*INFORMATION GIVEN*
++++++++
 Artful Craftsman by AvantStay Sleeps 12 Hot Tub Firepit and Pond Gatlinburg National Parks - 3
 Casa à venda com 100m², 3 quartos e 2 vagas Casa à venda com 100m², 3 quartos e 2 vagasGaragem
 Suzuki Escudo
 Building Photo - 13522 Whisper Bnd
++++++++
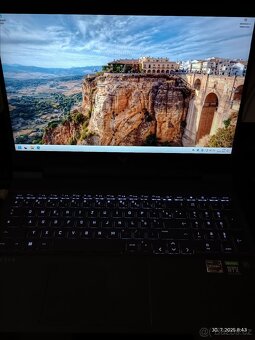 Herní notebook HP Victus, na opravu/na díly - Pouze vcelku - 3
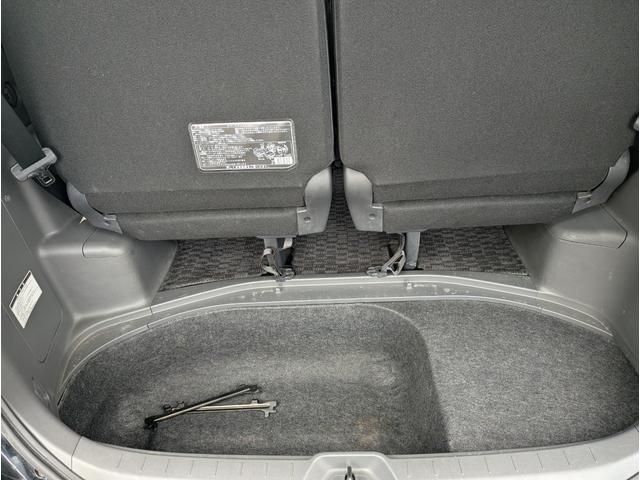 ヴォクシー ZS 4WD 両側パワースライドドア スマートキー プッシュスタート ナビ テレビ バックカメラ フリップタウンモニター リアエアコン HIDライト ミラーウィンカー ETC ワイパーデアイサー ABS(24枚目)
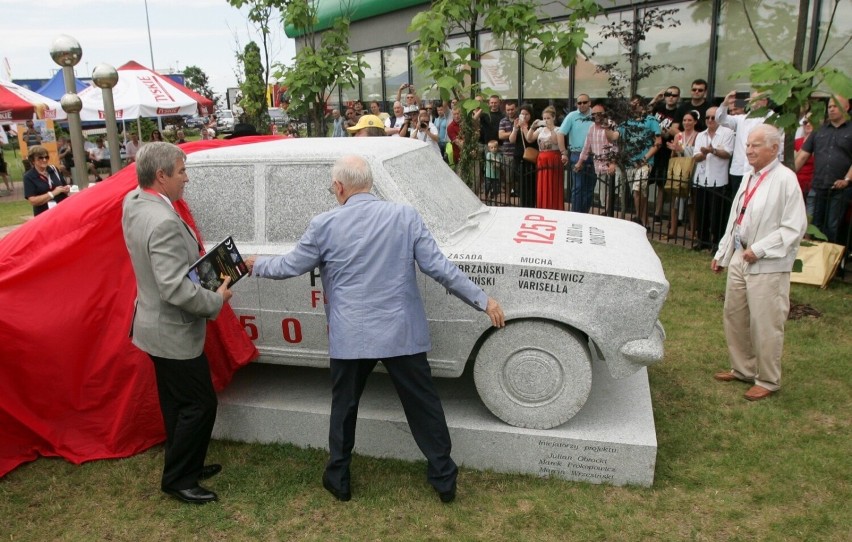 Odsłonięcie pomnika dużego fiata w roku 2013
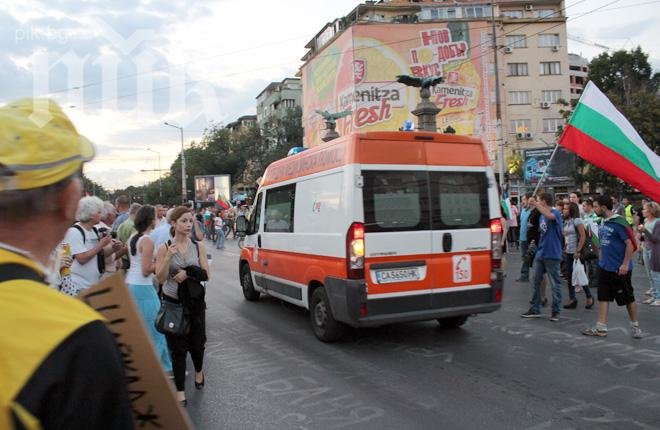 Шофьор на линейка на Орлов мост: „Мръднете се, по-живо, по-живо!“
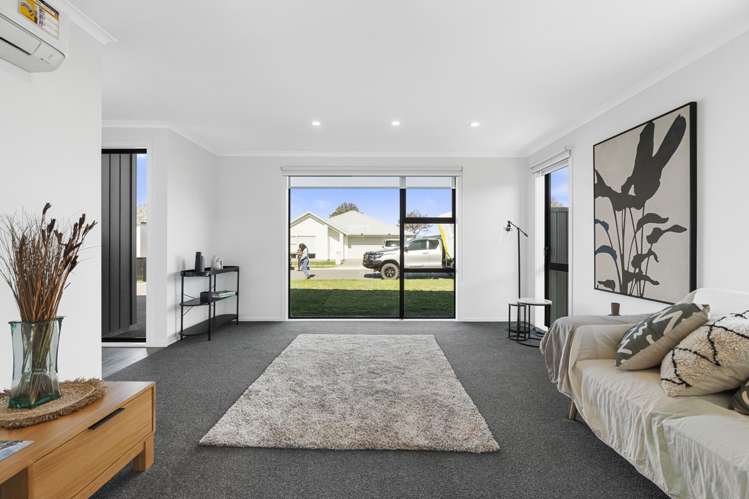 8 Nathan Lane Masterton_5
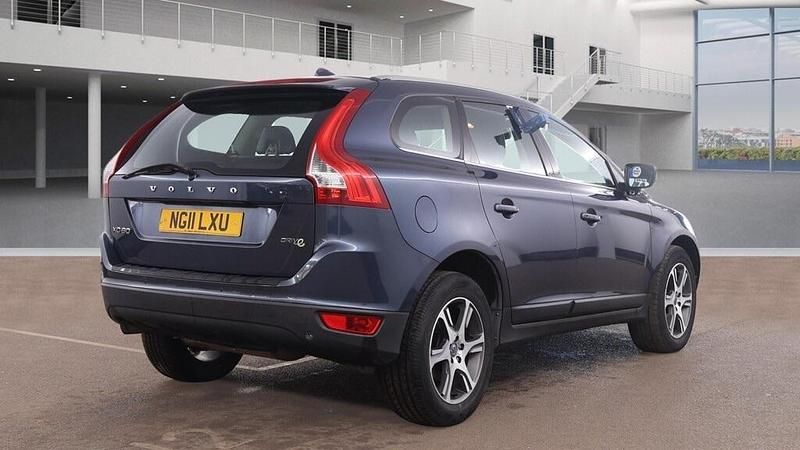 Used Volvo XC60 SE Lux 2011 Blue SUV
++++++++
*HOW TO COMPLETE THIS TASK*
Skipping every picture, transcribe exactly the lines above from the one containing "Herní notebook HP" through the one containing "8 Nathan Lane Masterton_5", both included.

*RESPONSE*
 Herní notebook HP Victus, na opravu/na díly - Pouze vcelku - 3
 ヴォクシー ZS 4WD 両側パワースライドドア スマートキー プッシュスタート ナビ テレビ バックカメラ フリップタウンモニター リアエアコン HIDライト ミラーウィンカー ETC ワイパーデアイサー ABS(24枚目)
 Odsłonięcie pomnika dużego fiata w roku 2013
 Шофьор на линейка на Орлов мост: „Мръднете се, по-живо, по-живо!“
 8 Nathan Lane Masterton_5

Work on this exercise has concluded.